Their time of service was fixed to six months. At the end of that period they had a right to expect their pay and to be discharged in such a manner as would enable them to return home in safety and comfort. Instead of this some were discharged sixty miles in the enemy’s country witht. a gun to protect themselves to fort Washington, those who were discharged at fort Washington without provisions to bring them to our settlements, the whole of them naked in consequence of having lost their cloathes in the action, and without a shilling of pay.
At the same time that they were discharged in this manner, money was advanced to the regular officers to pay them their bounty if they would reenlist and cloathes carried into the action (where they were all taken) to induce them to do so.

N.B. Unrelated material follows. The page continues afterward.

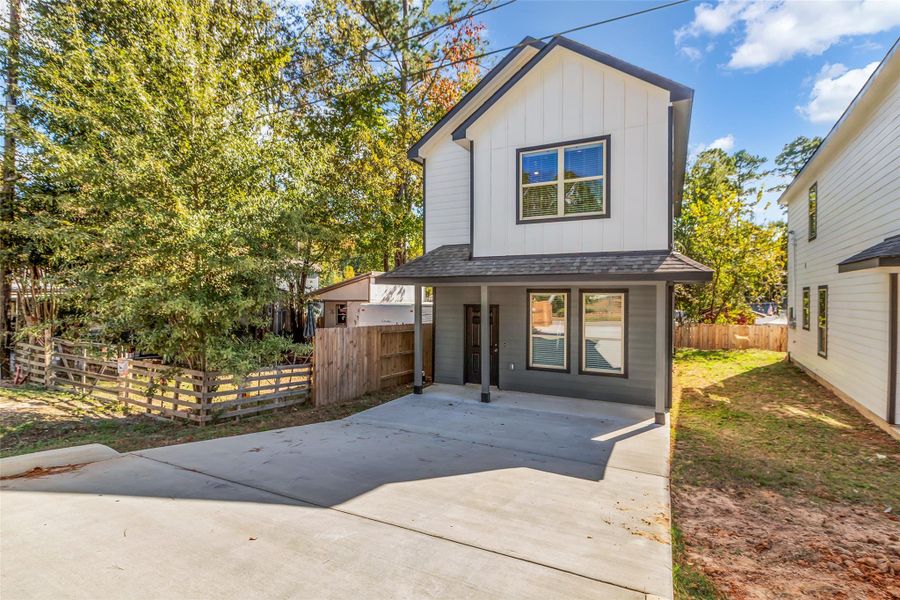 Front exterior of a new home in , Willis, TX, highlighting curb appeal (Image 2). Front exterior of a new home in , Willis, TX, highlighting curb appeal (Image 2).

Thus these American soldiers after having faithfully served their time out, were discharged eight hundred miles from home, naked, without the pay which was due to them, and without as much provisions as would carry them to the next inhabitants where they were to depend on charity for a subsistence. The fact is that many have died in consequence of this treatment and that almost all have been obliged to part with their discharges for the most trifling considerations.
What makes it the more distressing is that government has provided in the most proper and liberal manner for their accommodation and discharge. The plan they adopted was wise and generous if it had been carried into execution.

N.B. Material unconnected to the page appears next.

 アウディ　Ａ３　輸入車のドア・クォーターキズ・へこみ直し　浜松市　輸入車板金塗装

But Mr. Swann who was charged with the necessary money and orders did not arrive at fort Washington until some time in January a day posterior to that on which the last of them had a right to their discharge. How this happened when it was known that they must have been discharged before remains to be accounted for by those who were entrusted with the management of the business.

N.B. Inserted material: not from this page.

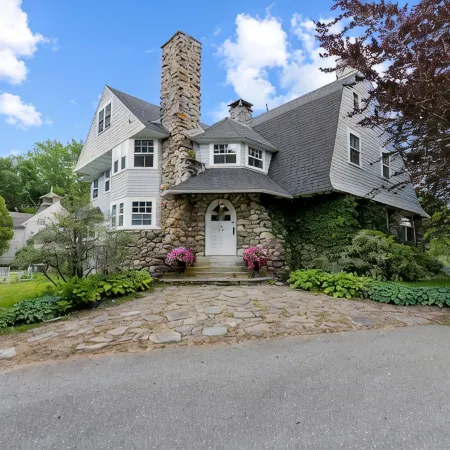 Waterfront Estate in Popham Beach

All that we know is that they have given a deadly blow to the honor of the government, and we fear to all attempts to raise men for their service.
In every communication of this kind I intend what I say for your own information only, or of those to whom you think it may be communicated for the public good.3
In a letter to Mr. Randolph soon after St. Clair’s defeat I mentioned what appeared to me to be the only practicable mode of attacking the Indians to advantage. Further reflection and the opinions of those here who are best acquainted with the subject have confirmed me in thinking what was then suggested, was right. If you wish it he will shew you that letter.
Be pleased to say to my sister4 that we are all well. With the greatest respect and esteem I am Dr. Sir, Yr. most oddt. hum: Servt.
RC (DLC). Docketed by JM.
1. Increased expenditure on defense of the frontiers required that revenues be raised from new sources. When the “bill for raising a further sum of money for the protection of the Frontiers” was under consideration, JM on 19 Apr. spoke in favor of increasing the duty on imported hemp and cordage but voted for a motion to place a time limit on the bill. The motion was defeated by the Speaker’s casting vote. On 21 Apr. JM voted with the minority against the bill, which in its final form increased duties on imported wines, spirits, and other commodities (Annals of Congress description begins Debates and Proceedings in the Congress of the United States, 1789–1824 (42 vols.; Washington, 1834–56). description ends , 2d Cong., 1st sess., 560, 562, 572).
2. General St. Clair’s string of forts into the Miami Confederacy’s hunting grounds included Fort Jefferson, near present-day Greenville, Ohio. The Americans were surprised near Fort Recovery on 4 Nov. 1791 and retreated back to Fort Jefferson with losses of 632 killed or missing and 264 wounded (Bert Anson, The Miami Indians [Norman, Okla., 1970], pp. 119–21).
3. JM’s service as chairman of the select committee on protection of the frontiers may have prompted Nicholas’s commentary on the failure of St. Clair’s punitive campaign. See also Nicholas to JM, 2 May 1792.
4. Elizabeth Carter Nicholas, who had married Edmund Randolph.